══ Data records

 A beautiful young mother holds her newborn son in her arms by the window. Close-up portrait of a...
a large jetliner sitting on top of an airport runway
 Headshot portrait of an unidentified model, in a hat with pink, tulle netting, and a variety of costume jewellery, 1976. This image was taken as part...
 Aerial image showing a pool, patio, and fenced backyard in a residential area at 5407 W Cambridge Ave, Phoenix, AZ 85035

════
══ Data records

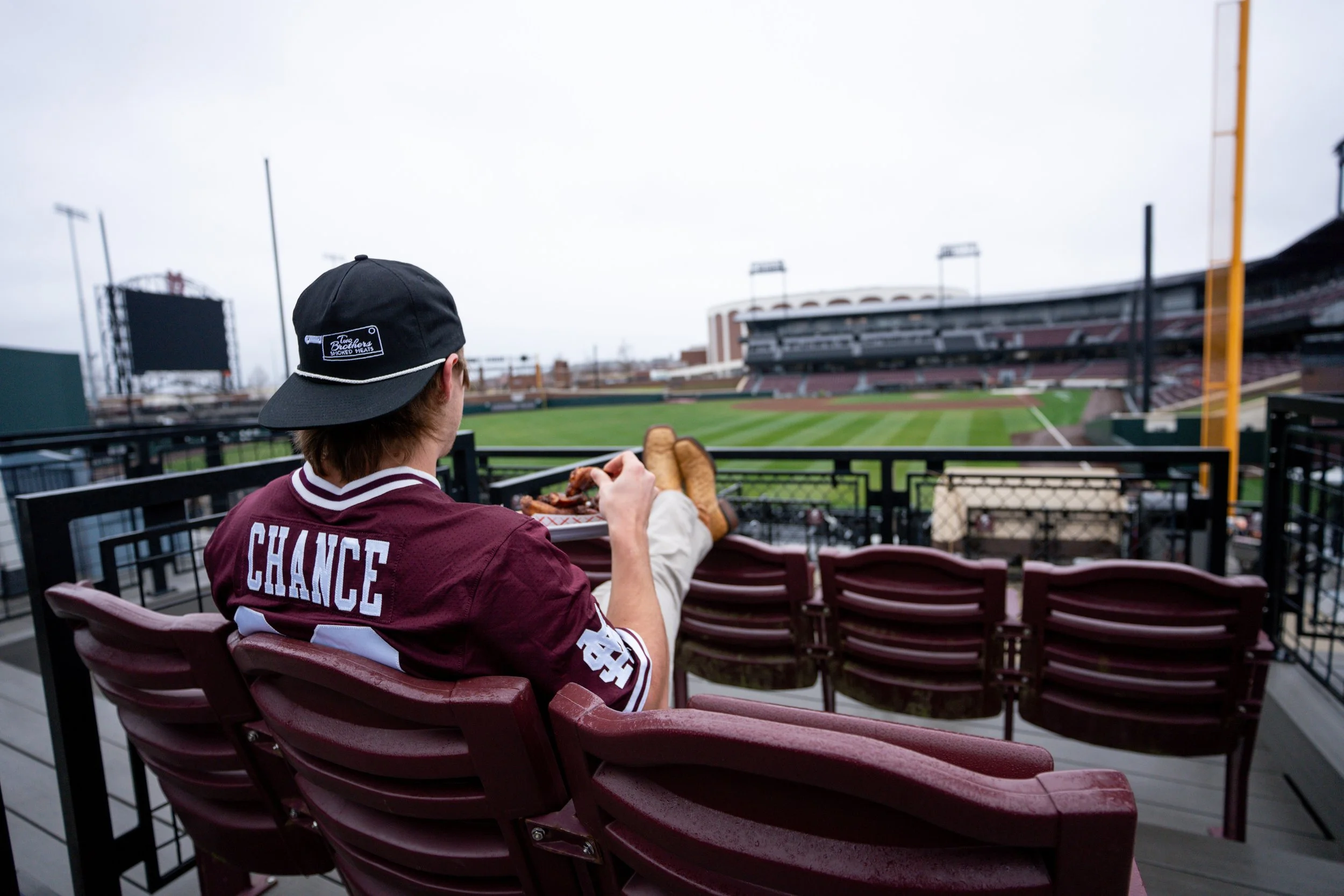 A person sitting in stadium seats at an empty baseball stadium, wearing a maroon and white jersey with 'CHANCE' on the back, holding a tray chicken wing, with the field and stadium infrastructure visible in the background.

════

In the listing above, find the line holding "a large jetliner" and the line holding "Aerial image showing", then output those two lines and every line between them exactly.

### Answer section:
a large jetliner sitting on top of an airport runway
 Headshot portrait of an unidentified model, in a hat with pink, tulle netting, and a variety of costume jewellery, 1976. This image was taken as part...
 Aerial image showing a pool, patio, and fenced backyard in a residential area at 5407 W Cambridge Ave, Phoenix, AZ 85035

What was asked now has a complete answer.